- [YOUR TASK] For this exercise, please reproduce the records below word for word, from the first line through the line with "Read Dragon Ball En Manga Online".

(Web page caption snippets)
____
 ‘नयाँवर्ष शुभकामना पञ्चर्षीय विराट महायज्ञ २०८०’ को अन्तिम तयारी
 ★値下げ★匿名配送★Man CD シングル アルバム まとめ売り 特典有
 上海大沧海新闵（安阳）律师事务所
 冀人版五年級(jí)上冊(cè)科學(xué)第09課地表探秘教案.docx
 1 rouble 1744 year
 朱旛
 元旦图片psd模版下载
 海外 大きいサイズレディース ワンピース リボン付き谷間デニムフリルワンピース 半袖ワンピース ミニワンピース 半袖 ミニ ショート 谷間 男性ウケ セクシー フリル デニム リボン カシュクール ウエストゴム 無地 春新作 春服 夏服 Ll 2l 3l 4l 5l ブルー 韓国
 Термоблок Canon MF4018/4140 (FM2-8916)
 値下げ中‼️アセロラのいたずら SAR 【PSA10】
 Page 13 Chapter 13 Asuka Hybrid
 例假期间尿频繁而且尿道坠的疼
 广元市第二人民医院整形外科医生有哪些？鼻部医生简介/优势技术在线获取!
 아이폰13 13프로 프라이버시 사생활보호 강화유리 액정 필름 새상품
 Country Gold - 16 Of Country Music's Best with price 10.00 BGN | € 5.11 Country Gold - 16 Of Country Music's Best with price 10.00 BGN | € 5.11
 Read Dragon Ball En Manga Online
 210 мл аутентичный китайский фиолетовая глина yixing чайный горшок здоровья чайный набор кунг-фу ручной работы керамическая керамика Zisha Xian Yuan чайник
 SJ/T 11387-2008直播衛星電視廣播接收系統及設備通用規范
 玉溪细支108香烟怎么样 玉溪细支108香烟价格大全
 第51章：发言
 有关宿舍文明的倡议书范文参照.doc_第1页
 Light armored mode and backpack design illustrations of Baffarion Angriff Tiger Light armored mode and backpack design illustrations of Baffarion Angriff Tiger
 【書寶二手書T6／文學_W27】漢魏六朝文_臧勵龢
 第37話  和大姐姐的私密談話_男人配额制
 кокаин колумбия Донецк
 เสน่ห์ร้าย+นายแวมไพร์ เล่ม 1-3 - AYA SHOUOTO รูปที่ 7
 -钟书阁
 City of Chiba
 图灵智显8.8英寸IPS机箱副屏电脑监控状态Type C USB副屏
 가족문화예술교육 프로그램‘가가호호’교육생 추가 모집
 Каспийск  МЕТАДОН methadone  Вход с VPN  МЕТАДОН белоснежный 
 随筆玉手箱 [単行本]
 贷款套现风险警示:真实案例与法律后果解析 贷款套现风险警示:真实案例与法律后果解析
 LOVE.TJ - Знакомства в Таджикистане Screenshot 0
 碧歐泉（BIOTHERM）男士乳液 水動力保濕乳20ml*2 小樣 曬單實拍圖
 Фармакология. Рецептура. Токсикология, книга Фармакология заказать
____
- [ANSWER FOR THIS EXERCISE]
 ‘नयाँवर्ष शुभकामना पञ्चर्षीय विराट महायज्ञ २०८०’ को अन्तिम तयारी
 ★値下げ★匿名配送★Man CD シングル アルバム まとめ売り 特典有
 上海大沧海新闵（安阳）律师事务所
 冀人版五年級(jí)上冊(cè)科學(xué)第09課地表探秘教案.docx
 1 rouble 1744 year
 朱旛
 元旦图片psd模版下载
 海外 大きいサイズレディース ワンピース リボン付き谷間デニムフリルワンピース 半袖ワンピース ミニワンピース 半袖 ミニ ショート 谷間 男性ウケ セクシー フリル デニム リボン カシュクール ウエストゴム 無地 春新作 春服 夏服 Ll 2l 3l 4l 5l ブルー 韓国
 Термоблок Canon MF4018/4140 (FM2-8916)
 値下げ中‼️アセロラのいたずら SAR 【PSA10】
 Page 13 Chapter 13 Asuka Hybrid
 例假期间尿频繁而且尿道坠的疼
 广元市第二人民医院整形外科医生有哪些？鼻部医生简介/优势技术在线获取!
 아이폰13 13프로 프라이버시 사생활보호 강화유리 액정 필름 새상품
 Country Gold - 16 Of Country Music's Best with price 10.00 BGN | € 5.11 Country Gold - 16 Of Country Music's Best with price 10.00 BGN | € 5.11
 Read Dragon Ball En Manga Online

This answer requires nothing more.